La langue du XVIIIe siècle a été respectée sans alourdir les dialogues. C’était un souhait de Jean-François Parot, qu’il explique dans une belle interview livrée dans le bonus du DVD de la saison 2, de même qu’il explique que ces feuilletons/téléfilms sont des adaptations librement inspirées de ses romans, avec parfois quelques petits aménagements (la saison 3 est quant à elle composée de deux enquêtes inventées spécialement pour l’écran : La Larme de Varsovie et Le Grand veneur). Ce que l’auteur n’a pas pu ou voulu imposer, c’est que les épisodes TV suivent la même chronologie que les épisodes papier. On perd donc en partie deux grands intérêts de la série originale : on ne voit plus Nicolas mûrir au fil des épreuves et avancer dans la vie (tant au niveau personnel que « professionnel », dans sa relation au pouvoir royal en particulier) ; et on ne voit plus le siècle se transformer, depuis 1761 – époque de la première enquête de Nicolas, L’Énigme des Blancs-Manteaux) – jusqu’au-delà de la révolution de 1789, puisque tel est le dessein de Jean-François Parot que de faire évoluer un jour son héros dans l’après-Ancien régime. Sans doute eût-il fallu faire usage d’une voix off pour marquer ces évolutions, et il est dommage que les producteurs ou scénaristes n’aient pas fait ce choix. Le propos de la série TV n’est donc pas de suivre au plus près cette chronologie, et, pour cela, les amateurs de Le Floch auront tout le loisir et le plaisir de se reporter aux livres. Disons qu’elle la suit surtout pour l’instant (épisodes 1 à 6) par rapport à l’évolution de la relation entre Nicolas et la Satin, son amie de coeur et future mère de son fils.
Les avis des téléspectateurs sont nuancés. Le jeu de Jérôme Robart qui incarne Nicolas n’est pas apprécié par tout le monde.

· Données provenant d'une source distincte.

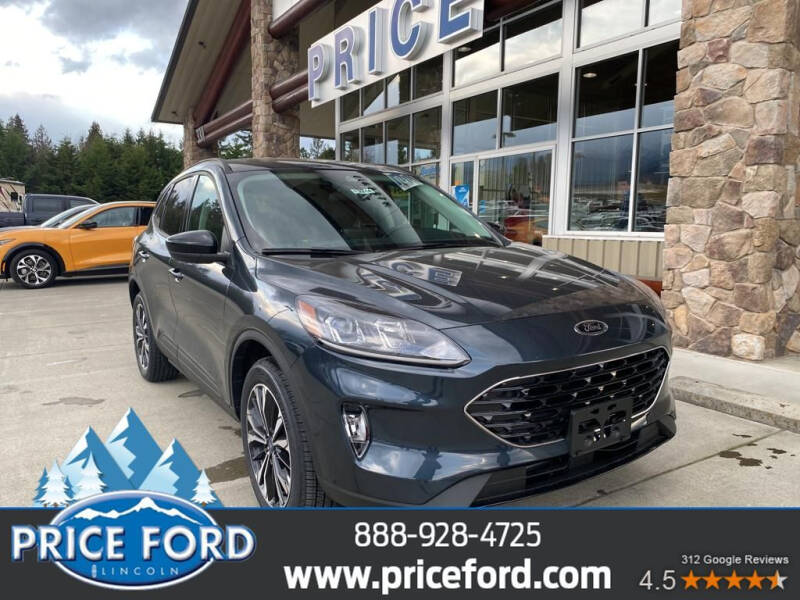 2022 Ford Escape for sale at Price Ford Lincoln in Port Angeles WA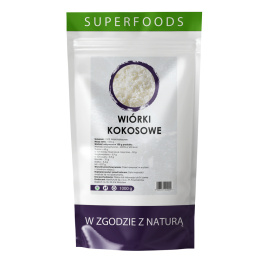 Wiórki kokosowe 1000 g - Medfuture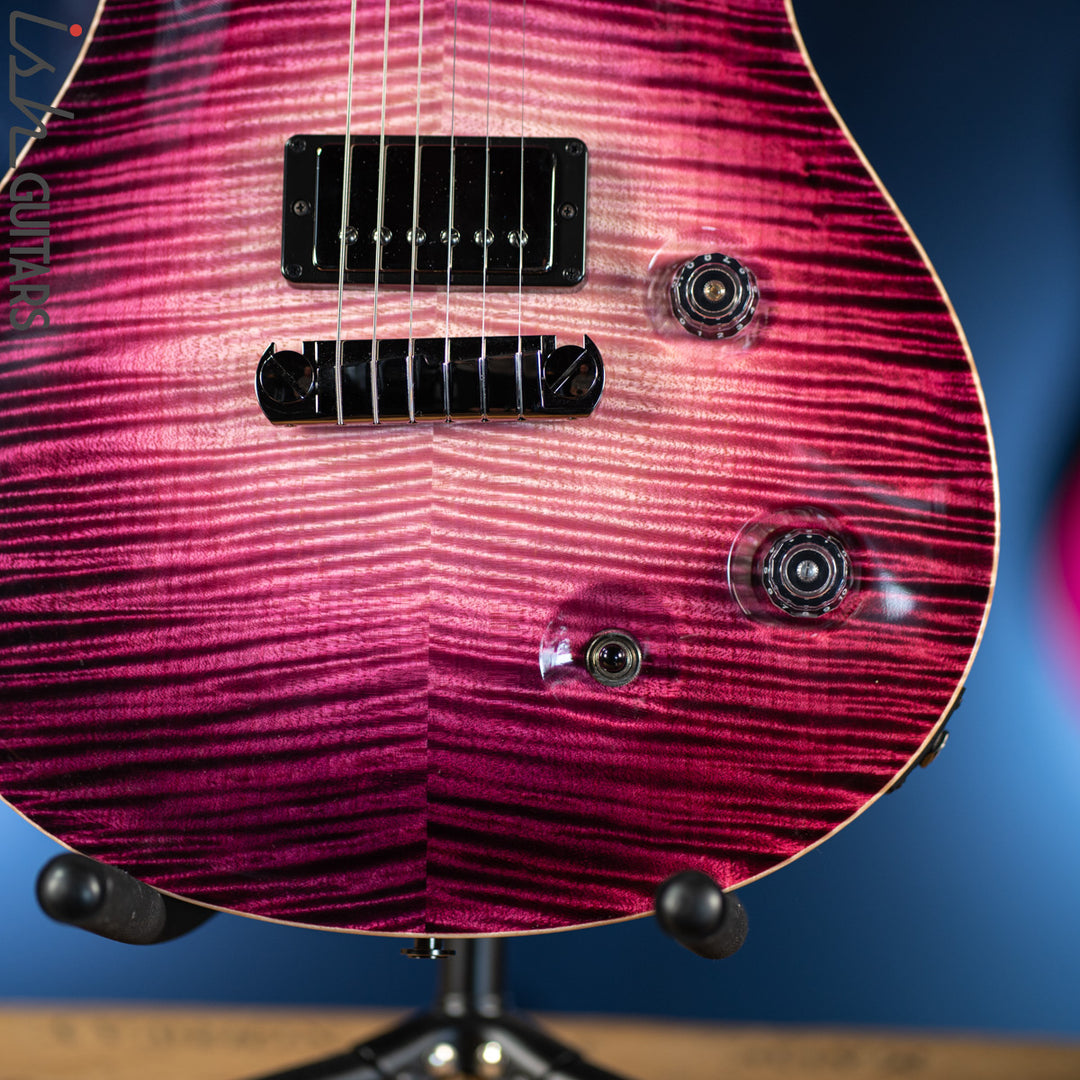 2020 NAMM Display PRS Private Stock McCarty Midnight Orchid Glow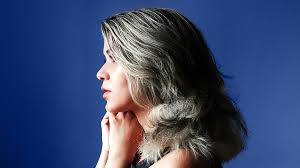 White women have been wearing scarves/headscarves and similar things for centuries. White Hair 10 Causes Prevention And Home Remedies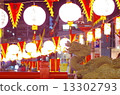 長崎春節 13302793
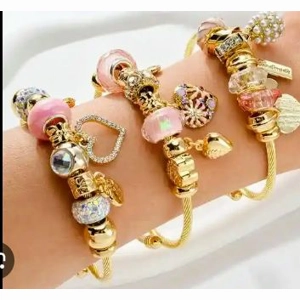 Pandora Inspired Charm Bracelet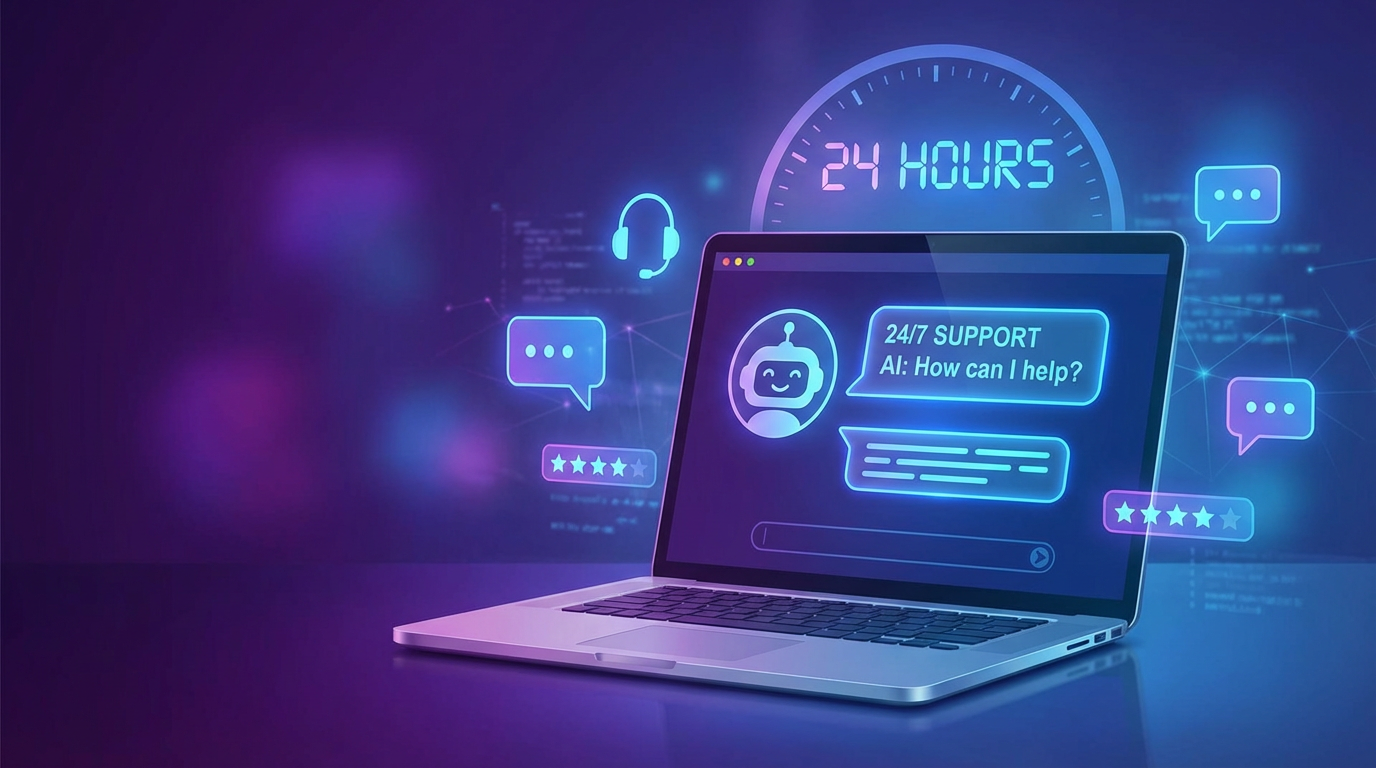 Atención al Cliente 24/7: Cómo Lograrlo Sin Contratar Más Personal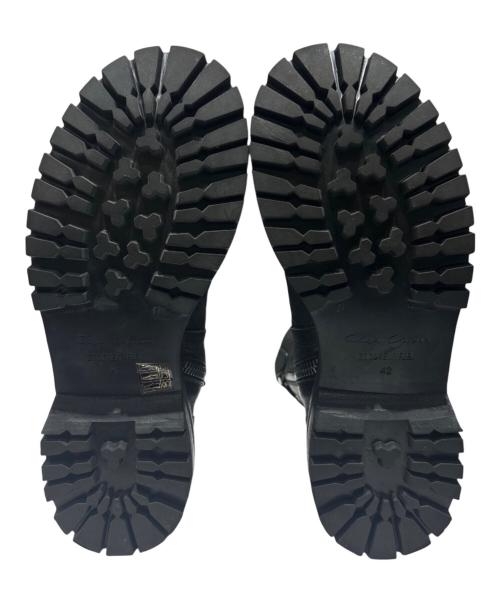 RICK OWENS（リックオウエンス）RICK OWENS (リックオウエンス) CREEPER ブラック サイズ:42の古着・服飾アイテム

Bien sûr, on ne peut pas plaire à tout le monde, mais le jeu de Robart paraît peu naturel en comparaison de celui des principaux autres acteurs de la série.
On peut regretter des baisses de rythme dans certains épisodes et la qualité inégale des décors. Autant les intérieurs sont magnifiquement reconstitués, autant les extérieurs sont parfois pauvres, faute de moyens. Dans un ou deux épisodes, on a l’impression de n’être autorisé à voir les rues de Paris que de nuit. Sans être fans d’images 3 D, on aurait aimé avoir de temps en temps une belle reconstitution d’ensemble du Grand Châtelet, lieu dont on n’aperçoit dans la série que des cours, des couloirs et des geôles (c’est dommage car, comme l’a montré l’universitaire Pascale Arizmendi, Paris est, avec le jeune enquêteur lui-même, le personnage principal des aventures imaginées par Jean-François Parot). De même, Nicolas est un intime de Louis XV, mais les vues extérieures du château de Versailles sont tristounettes.
Fait exceptionnel dans l’histoire des séries passées du papier à l’écran, les éditeurs n’ont pas apposé des photos tirées des feuilletons sur les couvertures des éditions en grand format ou en poche des enquêtes de Nicolas, et c’est bien ainsi. Les romans de Jean-François Parot gardent ainsi leur vie propre et indépendante de leurs adaptations TV.